"""
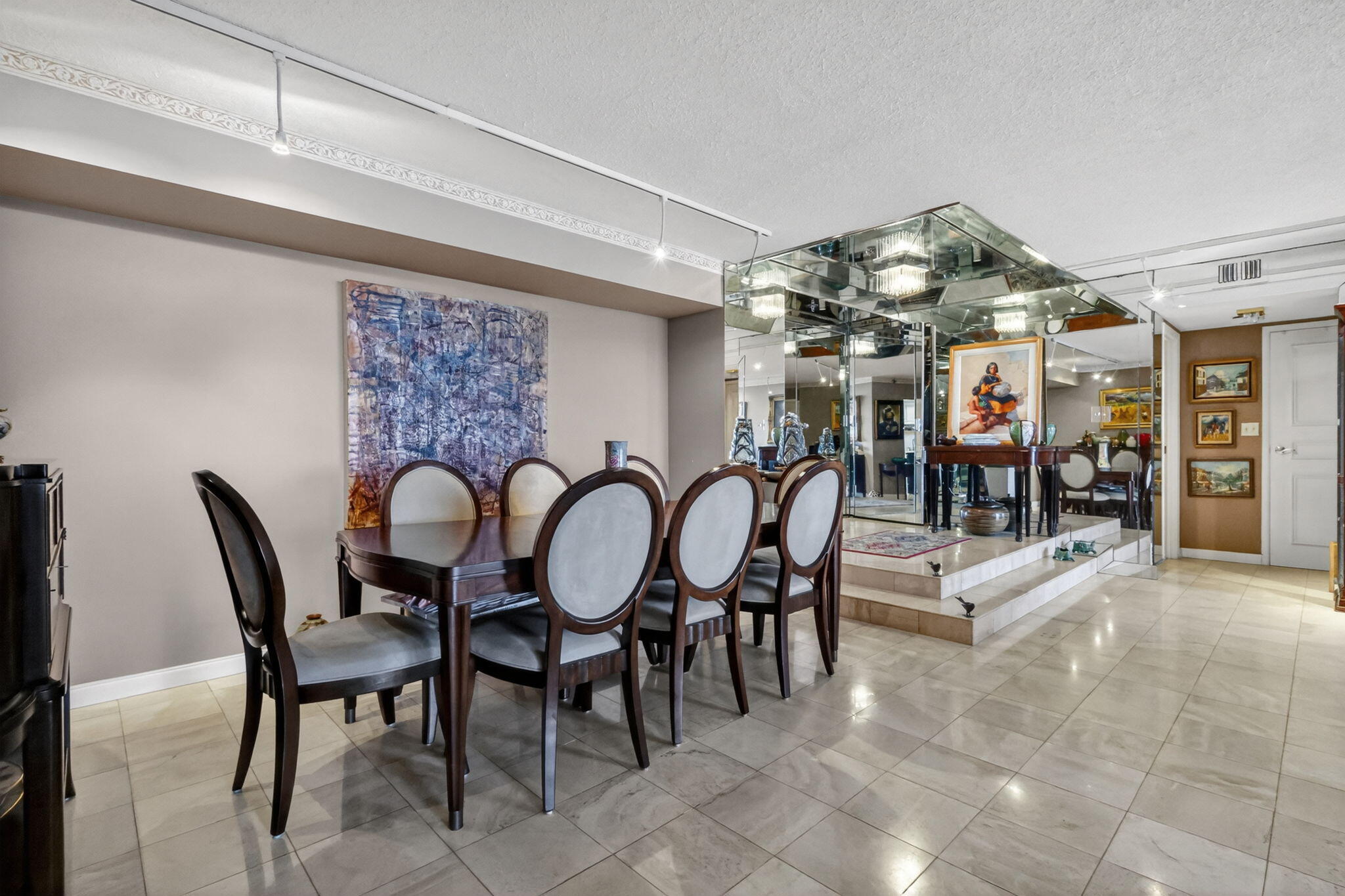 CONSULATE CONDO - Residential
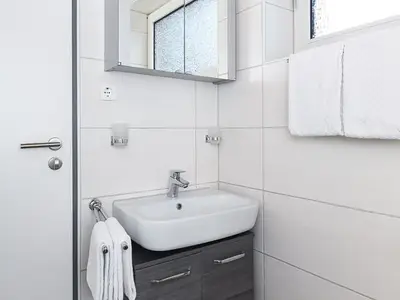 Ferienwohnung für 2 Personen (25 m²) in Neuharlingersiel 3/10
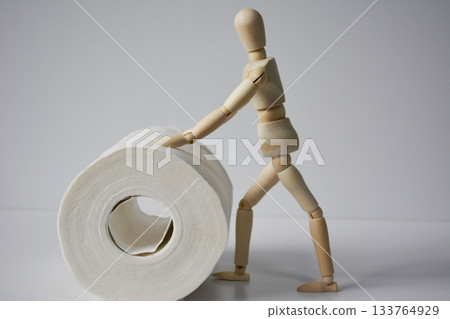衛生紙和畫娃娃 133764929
"""
** Directions for this task **
Output the material above verbatim but exclude each picture.

** Answer area **
 CONSULATE CONDO - Residential
 Ferienwohnung für 2 Personen (25 m²) in Neuharlingersiel 3/10
衛生紙和畫娃娃 133764929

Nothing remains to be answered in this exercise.